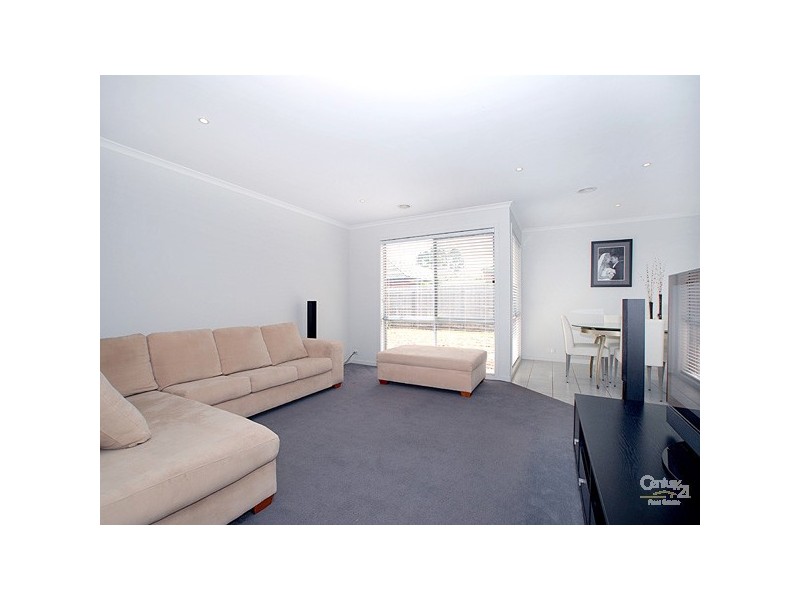 5 Chin Court, Berwick VIC 3806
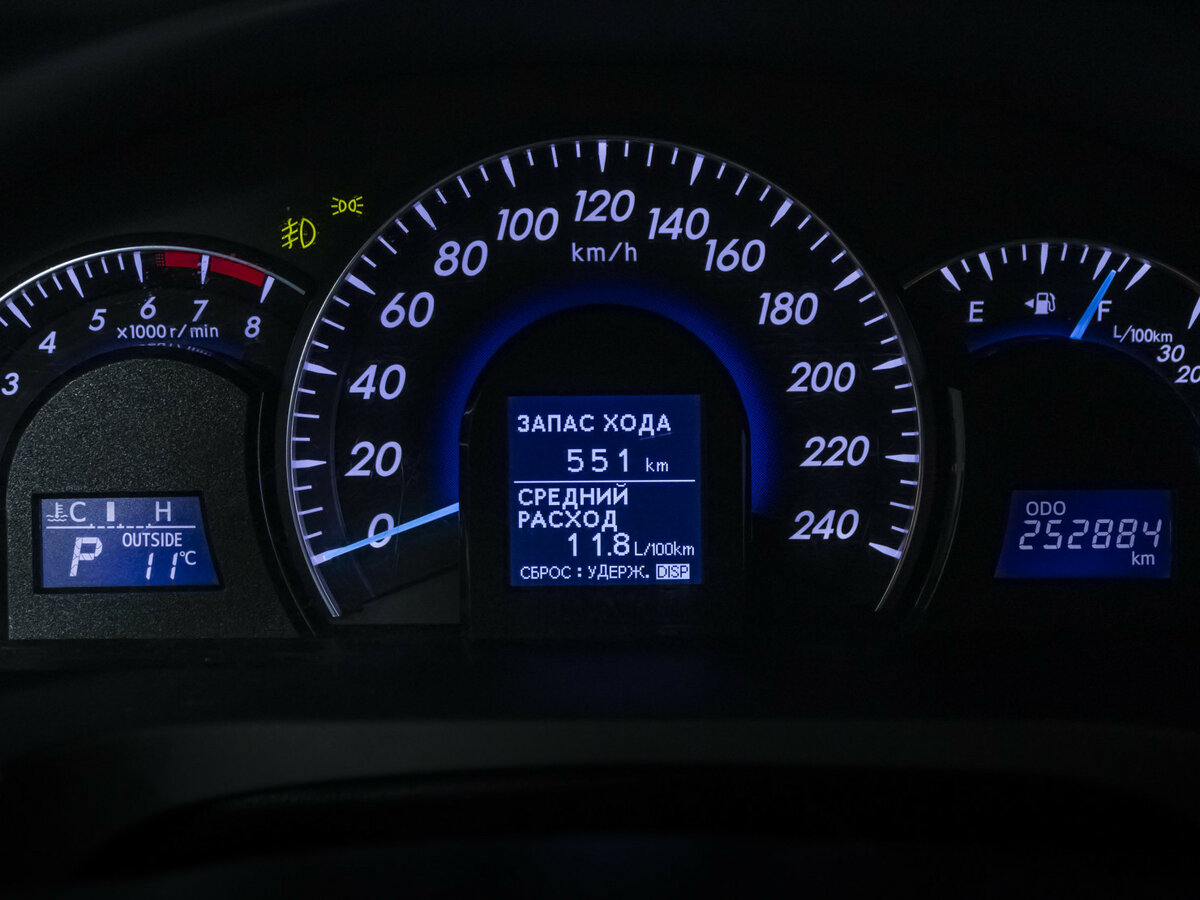 Toyota Camry с пробегом — 2012 год. Фото: #10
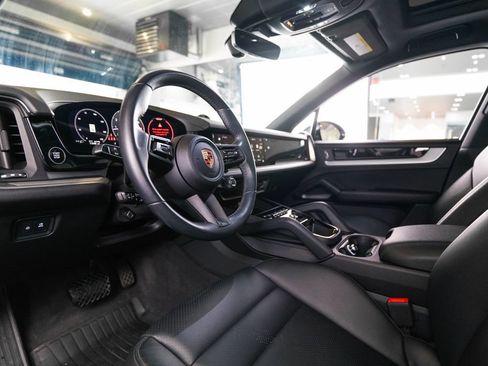 Certified 2025 Porsche Cayenne AWD/4WD image 4
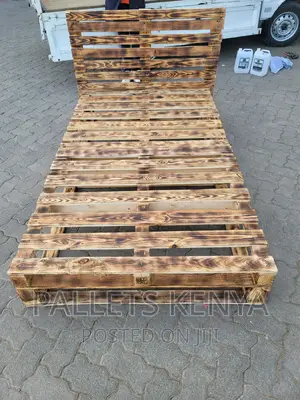Pallet Bed- 4*6 Detachable and Blazed Pallet Bed. (HU08)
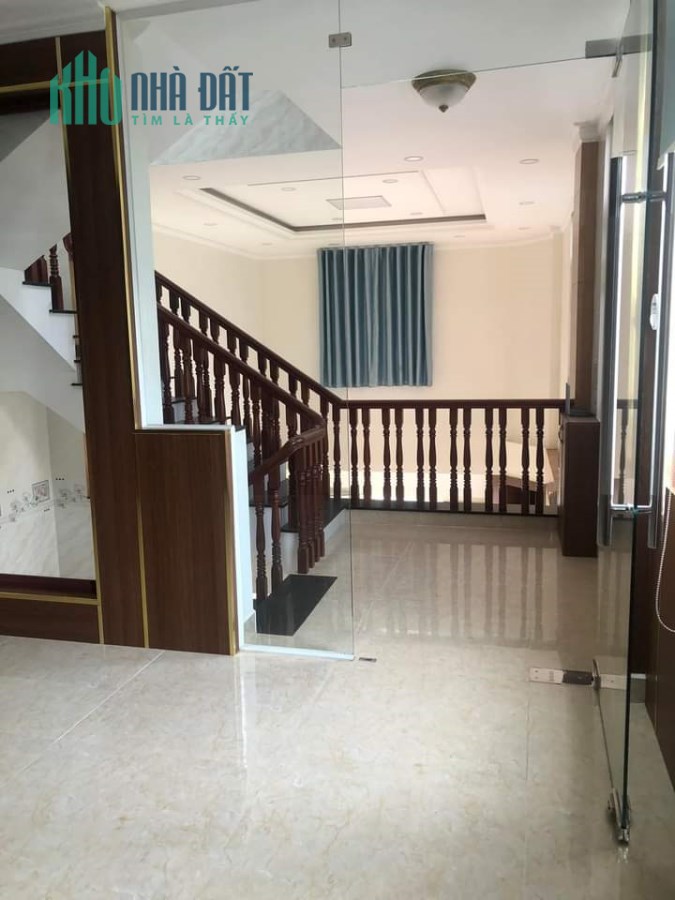 Ngay TTTP thủ đức , Phạm văn Đồng , HXH , 62m2, 5 tầng , full Thổ Cư , Chỉ 14 tỷ 500 ( có TL )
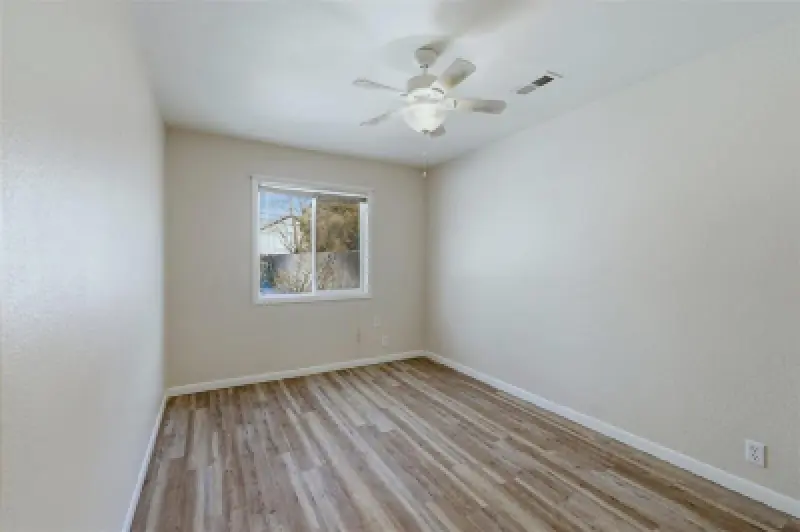1431 Alger Ave Cody #25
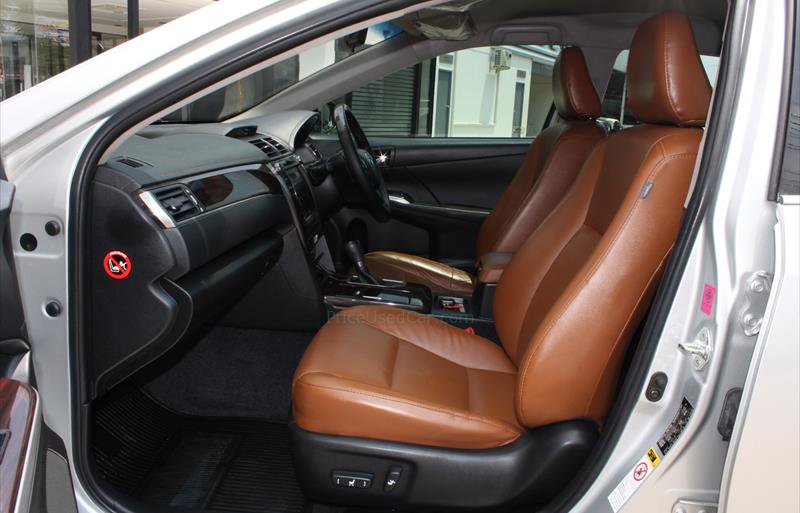 ขายรถเก๋งมือสอง-toyota-โตโยต้า-camry-คัมรี่-รถปี2017-รหัส71421-3c5111c0.jpg ขายรถเก๋งมือสอง-toyota-โตโยต้า-camry-คัมรี่-รถปี2017-รหัส71421-3c5111c0.jpg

● The task: Set the pictures aside and repeat only the lines from the one containing "Toyota Camry с" through the last line of the entries above, exactly as they stand.

● Solution to the problem:
 Toyota Camry с пробегом — 2012 год. Фото: #10
 Certified 2025 Porsche Cayenne AWD/4WD image 4
Pallet Bed- 4*6 Detachable and Blazed Pallet Bed. (HU08)
 Ngay TTTP thủ đức , Phạm văn Đồng , HXH , 62m2, 5 tầng , full Thổ Cư , Chỉ 14 tỷ 500 ( có TL )
1431 Alger Ave Cody #25
 ขายรถเก๋งมือสอง-toyota-โตโยต้า-camry-คัมรี่-รถปี2017-รหัส71421-3c5111c0.jpg ขายรถเก๋งมือสอง-toyota-โตโยต้า-camry-คัมรี่-รถปี2017-รหัส71421-3c5111c0.jpg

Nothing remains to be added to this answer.